Danıştay ve Yargıtay tarafından kabul edilen uygulamaya göre “Uygulanması gereken bir kanun hükmü, hüküm kesinleşmeden önce Anayasa Mahkemesince iptaline karar verilirse, usulü kazanılmış hakka göre değil, Anayasa Mahkemesi’nin iptal sonrası oluşan yeni duruma göre karar verilebilecektir.” yönünde değerlendirme yapılmıştır. Anayasa Mahkemesi’nin somut norm denetimi neticesinde verdiği iptal kararlarının Resmî Gazete’de yayımlanması ile sonuç doğuracağı ve eldeki tüm uyuşmazlıklara uygulanması gerektiği uyulması zorunlu yargısal içtihatlar ile kabul edilmiştir.
Bu durumda mahkemece Anayasa Mahkemesinin 26.07.2023 Tarih 2023/43 Esas 2023/141 Karar sayılı iptal kararının eldeki davaya etkisi değerlendirilerek sonucuna göre karar verilmesi gerektiğinden ve ayrıca uzlaşma tutanağının davacı …’in babası olan … tarafından imzalandığı görülmekle, TMK’nın 336.maddesinin 1. fıkrasına göre, evlilik devam ettiği sürece ana ve babanın velayeti birlikte kullanacağı gözetilerek uzlaşma tutanağının baba tarafından imzalanmış olması da değerlendirilerek sonucuna göre karar verilmesi gerekirken eksik incelemeye dayalı hüküm tesisi isabetli görülmemiştir.

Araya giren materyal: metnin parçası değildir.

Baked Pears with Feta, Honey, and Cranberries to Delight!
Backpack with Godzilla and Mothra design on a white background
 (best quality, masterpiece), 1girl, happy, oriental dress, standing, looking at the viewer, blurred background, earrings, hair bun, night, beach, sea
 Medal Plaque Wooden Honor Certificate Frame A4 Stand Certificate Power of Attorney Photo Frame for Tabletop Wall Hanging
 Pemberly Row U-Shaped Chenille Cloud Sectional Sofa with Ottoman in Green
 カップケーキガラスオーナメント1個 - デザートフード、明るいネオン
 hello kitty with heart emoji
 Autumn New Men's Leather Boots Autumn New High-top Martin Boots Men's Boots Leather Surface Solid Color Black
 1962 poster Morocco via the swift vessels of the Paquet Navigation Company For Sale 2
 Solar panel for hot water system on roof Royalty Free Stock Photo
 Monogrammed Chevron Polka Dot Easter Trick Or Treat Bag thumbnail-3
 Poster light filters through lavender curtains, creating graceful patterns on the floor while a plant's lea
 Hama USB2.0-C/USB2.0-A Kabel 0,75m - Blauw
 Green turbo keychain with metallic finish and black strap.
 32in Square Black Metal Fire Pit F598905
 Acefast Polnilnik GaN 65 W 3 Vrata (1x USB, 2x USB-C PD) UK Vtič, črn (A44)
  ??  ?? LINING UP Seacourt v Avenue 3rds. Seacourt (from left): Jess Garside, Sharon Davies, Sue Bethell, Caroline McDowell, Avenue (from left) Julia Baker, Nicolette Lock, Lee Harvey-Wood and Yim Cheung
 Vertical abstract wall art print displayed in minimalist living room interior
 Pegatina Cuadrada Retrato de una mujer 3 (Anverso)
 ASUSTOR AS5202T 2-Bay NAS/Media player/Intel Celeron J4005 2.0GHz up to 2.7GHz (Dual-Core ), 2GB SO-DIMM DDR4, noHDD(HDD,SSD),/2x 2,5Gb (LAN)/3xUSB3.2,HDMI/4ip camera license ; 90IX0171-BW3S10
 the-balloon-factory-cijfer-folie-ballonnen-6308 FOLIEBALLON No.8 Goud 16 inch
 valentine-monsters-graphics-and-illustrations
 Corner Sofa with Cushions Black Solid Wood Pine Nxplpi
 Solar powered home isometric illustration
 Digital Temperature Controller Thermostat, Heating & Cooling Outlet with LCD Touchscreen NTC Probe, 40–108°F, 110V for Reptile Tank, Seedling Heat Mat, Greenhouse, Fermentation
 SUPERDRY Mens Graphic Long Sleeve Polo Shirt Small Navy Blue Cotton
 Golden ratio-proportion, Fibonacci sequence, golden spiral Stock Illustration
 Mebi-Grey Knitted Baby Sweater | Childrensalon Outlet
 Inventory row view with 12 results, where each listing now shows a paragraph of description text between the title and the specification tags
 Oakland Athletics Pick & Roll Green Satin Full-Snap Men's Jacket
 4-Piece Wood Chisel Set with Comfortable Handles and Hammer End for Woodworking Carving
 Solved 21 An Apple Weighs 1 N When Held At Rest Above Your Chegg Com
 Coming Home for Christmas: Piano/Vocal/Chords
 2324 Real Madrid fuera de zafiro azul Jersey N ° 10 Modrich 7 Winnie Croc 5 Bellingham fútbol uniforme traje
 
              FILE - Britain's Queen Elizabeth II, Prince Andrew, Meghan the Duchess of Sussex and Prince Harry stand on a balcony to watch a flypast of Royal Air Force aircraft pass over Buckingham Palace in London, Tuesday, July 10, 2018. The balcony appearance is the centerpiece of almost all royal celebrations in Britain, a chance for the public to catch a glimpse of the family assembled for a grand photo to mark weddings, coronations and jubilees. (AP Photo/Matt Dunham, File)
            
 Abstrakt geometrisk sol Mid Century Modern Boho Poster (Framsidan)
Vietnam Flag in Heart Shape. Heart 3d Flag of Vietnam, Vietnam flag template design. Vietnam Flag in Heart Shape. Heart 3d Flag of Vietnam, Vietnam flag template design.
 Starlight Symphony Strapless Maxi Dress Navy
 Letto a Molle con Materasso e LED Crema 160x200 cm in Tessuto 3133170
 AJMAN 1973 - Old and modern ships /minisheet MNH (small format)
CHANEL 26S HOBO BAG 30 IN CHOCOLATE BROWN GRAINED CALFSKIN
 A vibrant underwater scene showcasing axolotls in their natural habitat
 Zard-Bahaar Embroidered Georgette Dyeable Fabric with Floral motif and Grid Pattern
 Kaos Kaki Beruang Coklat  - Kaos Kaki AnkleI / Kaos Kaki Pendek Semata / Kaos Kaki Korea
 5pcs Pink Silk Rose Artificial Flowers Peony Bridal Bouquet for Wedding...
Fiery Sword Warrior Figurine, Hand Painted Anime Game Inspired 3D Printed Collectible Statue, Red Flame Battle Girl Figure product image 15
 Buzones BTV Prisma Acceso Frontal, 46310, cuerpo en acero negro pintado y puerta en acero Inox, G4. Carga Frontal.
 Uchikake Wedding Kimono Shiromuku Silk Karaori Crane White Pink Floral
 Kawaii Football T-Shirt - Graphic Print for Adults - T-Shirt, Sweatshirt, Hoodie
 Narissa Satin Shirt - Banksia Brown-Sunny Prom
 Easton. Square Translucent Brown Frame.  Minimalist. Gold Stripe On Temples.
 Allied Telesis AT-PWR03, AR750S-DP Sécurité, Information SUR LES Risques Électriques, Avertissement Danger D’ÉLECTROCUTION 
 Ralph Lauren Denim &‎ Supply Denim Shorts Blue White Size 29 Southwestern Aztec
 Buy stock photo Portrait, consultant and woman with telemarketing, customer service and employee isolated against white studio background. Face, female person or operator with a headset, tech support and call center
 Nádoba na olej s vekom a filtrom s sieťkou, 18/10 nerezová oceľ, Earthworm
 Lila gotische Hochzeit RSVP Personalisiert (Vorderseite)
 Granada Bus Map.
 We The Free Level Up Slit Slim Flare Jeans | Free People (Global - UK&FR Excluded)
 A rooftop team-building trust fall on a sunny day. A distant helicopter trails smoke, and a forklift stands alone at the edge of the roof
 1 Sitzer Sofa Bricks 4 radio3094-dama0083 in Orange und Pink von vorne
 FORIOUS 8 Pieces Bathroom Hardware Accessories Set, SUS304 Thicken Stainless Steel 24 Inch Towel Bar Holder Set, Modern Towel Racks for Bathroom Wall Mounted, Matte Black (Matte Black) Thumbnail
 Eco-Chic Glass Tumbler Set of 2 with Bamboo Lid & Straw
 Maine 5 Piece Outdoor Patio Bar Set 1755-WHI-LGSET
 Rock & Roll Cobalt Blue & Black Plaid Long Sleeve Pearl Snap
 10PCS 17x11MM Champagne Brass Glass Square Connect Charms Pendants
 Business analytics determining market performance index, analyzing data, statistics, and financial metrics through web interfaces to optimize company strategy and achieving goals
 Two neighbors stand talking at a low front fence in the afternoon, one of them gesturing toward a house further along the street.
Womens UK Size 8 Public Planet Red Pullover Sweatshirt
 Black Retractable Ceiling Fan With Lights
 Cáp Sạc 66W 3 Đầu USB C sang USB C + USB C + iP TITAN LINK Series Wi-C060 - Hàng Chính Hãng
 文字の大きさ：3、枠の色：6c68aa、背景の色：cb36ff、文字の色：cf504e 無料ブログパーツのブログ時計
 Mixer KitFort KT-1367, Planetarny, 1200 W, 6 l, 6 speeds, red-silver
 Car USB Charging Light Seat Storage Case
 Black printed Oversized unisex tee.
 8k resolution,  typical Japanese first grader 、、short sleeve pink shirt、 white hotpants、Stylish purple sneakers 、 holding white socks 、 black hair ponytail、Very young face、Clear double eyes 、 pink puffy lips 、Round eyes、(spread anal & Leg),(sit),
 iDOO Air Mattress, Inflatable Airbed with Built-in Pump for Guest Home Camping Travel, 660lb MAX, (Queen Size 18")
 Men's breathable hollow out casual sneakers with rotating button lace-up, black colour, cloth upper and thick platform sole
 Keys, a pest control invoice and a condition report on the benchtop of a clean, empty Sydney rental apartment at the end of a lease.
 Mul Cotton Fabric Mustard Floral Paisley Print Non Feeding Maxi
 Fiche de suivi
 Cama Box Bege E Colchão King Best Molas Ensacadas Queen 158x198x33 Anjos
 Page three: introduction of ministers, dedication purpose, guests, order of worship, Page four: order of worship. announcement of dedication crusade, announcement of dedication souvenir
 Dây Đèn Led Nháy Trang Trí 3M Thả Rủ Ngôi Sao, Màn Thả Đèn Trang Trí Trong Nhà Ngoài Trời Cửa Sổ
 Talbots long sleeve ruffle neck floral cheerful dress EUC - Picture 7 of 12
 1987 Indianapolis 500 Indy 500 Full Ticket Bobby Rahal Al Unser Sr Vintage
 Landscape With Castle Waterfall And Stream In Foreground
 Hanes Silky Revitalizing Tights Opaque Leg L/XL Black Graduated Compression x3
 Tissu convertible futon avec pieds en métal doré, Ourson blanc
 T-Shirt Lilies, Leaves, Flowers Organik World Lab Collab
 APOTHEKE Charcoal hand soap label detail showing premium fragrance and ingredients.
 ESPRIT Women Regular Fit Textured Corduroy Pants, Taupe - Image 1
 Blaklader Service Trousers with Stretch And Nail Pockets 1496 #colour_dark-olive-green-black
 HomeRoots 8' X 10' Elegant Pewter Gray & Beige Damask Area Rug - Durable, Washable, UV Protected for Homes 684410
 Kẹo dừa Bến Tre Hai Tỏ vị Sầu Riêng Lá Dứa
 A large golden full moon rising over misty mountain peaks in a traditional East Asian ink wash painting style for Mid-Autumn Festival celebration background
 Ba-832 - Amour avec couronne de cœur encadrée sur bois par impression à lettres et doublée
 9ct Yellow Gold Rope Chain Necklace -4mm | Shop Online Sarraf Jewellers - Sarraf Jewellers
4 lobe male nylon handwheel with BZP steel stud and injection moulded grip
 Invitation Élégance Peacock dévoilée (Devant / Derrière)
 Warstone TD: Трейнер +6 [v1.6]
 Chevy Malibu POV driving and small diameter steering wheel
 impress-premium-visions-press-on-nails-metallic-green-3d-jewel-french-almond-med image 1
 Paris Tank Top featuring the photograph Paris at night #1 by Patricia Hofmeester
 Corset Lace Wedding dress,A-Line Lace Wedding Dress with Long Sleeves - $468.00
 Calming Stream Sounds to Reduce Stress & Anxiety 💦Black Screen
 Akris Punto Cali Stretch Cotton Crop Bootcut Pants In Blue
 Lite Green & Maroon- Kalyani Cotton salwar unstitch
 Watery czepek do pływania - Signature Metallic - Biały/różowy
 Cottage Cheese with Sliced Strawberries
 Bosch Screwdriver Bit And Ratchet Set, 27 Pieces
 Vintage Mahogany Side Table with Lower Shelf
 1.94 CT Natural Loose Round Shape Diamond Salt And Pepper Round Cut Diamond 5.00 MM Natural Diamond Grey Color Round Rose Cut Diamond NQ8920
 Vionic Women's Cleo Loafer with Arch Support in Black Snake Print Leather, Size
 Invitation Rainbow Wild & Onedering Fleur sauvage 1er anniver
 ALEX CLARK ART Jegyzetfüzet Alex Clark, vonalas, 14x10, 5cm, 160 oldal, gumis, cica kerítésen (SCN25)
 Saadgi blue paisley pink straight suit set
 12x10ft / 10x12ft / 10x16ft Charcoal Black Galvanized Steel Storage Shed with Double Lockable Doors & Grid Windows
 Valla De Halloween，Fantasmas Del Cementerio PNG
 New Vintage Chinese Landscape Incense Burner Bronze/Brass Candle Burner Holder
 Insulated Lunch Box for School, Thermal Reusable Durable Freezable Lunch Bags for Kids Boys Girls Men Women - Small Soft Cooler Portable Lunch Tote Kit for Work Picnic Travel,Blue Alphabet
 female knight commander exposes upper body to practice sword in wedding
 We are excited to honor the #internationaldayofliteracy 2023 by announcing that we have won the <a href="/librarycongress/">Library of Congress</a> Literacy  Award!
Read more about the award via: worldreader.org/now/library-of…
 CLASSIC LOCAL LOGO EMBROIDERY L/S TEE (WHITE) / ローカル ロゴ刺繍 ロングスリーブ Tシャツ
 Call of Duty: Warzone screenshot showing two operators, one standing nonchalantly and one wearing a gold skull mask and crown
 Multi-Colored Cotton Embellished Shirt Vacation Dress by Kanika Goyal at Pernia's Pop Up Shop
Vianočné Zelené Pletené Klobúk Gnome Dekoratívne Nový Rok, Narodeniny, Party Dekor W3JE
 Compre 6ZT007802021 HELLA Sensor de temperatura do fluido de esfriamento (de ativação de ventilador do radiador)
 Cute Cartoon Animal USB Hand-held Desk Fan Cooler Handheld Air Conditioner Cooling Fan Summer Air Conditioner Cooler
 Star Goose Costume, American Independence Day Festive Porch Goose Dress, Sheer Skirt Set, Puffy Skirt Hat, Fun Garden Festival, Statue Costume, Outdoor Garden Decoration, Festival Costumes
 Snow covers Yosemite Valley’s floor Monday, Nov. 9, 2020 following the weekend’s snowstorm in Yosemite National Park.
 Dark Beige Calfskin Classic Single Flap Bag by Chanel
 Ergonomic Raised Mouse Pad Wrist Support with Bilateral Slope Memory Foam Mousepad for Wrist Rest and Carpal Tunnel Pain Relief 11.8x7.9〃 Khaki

Açıklanan nedenlerle; davacı vekilinin istinaf başvurusunun kabulü ile HMK.nın 353/1.a.6.maddesi gereğince ilk derece mahkemesi kararının kaldırılmasına ve yeniden inceleme yapılmak üzere dosyanın mahkemesine gönderilmesine karar vermek gerekmiştir.
HÜKÜM : Yukarıda açıklanan nedenlerle;
1-Davacı vekilinin istinaf başvurusunun KABULÜ ile; HMK.nın 353/1.a.6 maddesi gereğince ilk derece mahkemesi kararının kaldırılmasına,
Yeniden yargılama yapılması için dosyanın kararı veren mahkemeye GÖNDERİLMESİNE,
2-İstinaf yoluna başvuran tarafça yatırılan peşin harcın istek halinde yatırana iadesine,
3-İstinaf yoluna başvuran tarafça yapılan yargılama giderinin ilk derece mahkemesi tarafından yapılacak yargılamada dikkate alınmasına,
4-Karar tebliği, harç mahsup, iade ve tahsil işlemlerinin ilk derece mahkemesince yerine getirilmesine,
Dosya üzerinden yapılan inceleme sonunda HMK.nın 353/1.a maddesi gereğince KESİN olmak üzere 17.11.2023 tarihinde oy birliği ile karar verildi.
Başkan
Üye
Üye
Katip
* Bu belge, 5070 sayılı Kanun hükümleri gereğince elektronik imza ile imzalanmıştır.